DATA:
╭──
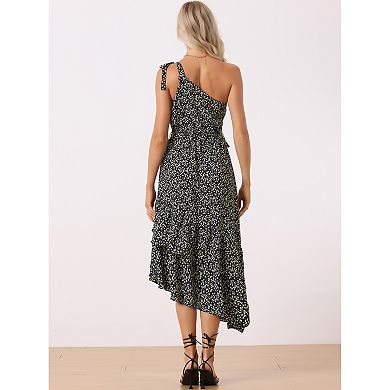 One-Shoulder Sleeveless Tiered Dress
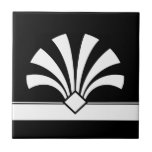Art Deco White Black Geometric Blume Element 06 Fliese<br><div class="desc">Elegante,  knusprige Deko-Stil geometrische Blume Element verziert auf einem schwarzen Hintergrund dekorative Keramik Fliesen. Das elegante Design ist perfekt für ein Vintages Interieur im Deko Retro-Stil.</div>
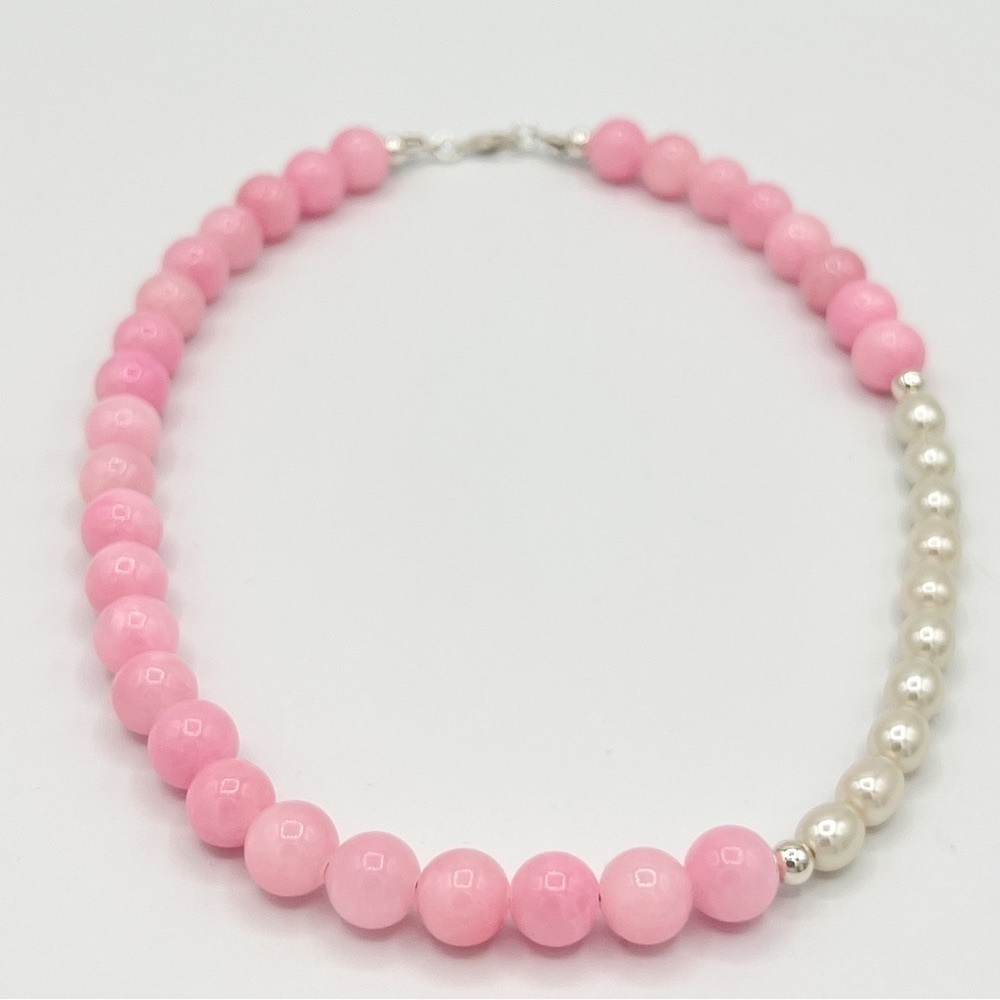 Light orchid natural jade and fresh water pearl choker and bracelet set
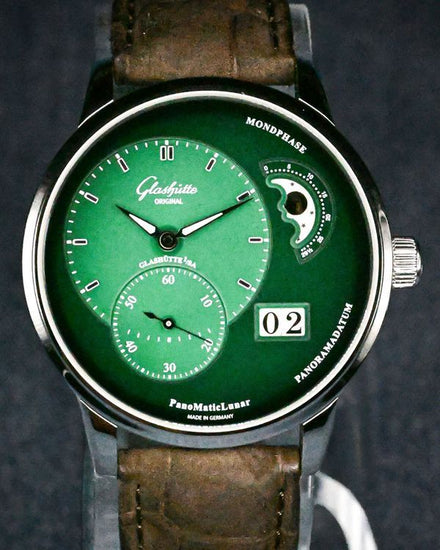 2025 Glashütte Original PanoMaticLunar 40MM Green Dial Leather Strap (1-90-02-13-32-62)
╰──
WHAT NEEDS TO BE DONE: Leave out the images and copy all remaining data word for word.

WRITTEN RESPONSE:
 One-Shoulder Sleeveless Tiered Dress
Art Deco White Black Geometric Blume Element 06 Fliese<br><div class="desc">Elegante,  knusprige Deko-Stil geometrische Blume Element verziert auf einem schwarzen Hintergrund dekorative Keramik Fliesen. Das elegante Design ist perfekt für ein Vintages Interieur im Deko Retro-Stil.</div>
 Light orchid natural jade and fresh water pearl choker and bracelet set
 2025 Glashütte Original PanoMaticLunar 40MM Green Dial Leather Strap (1-90-02-13-32-62)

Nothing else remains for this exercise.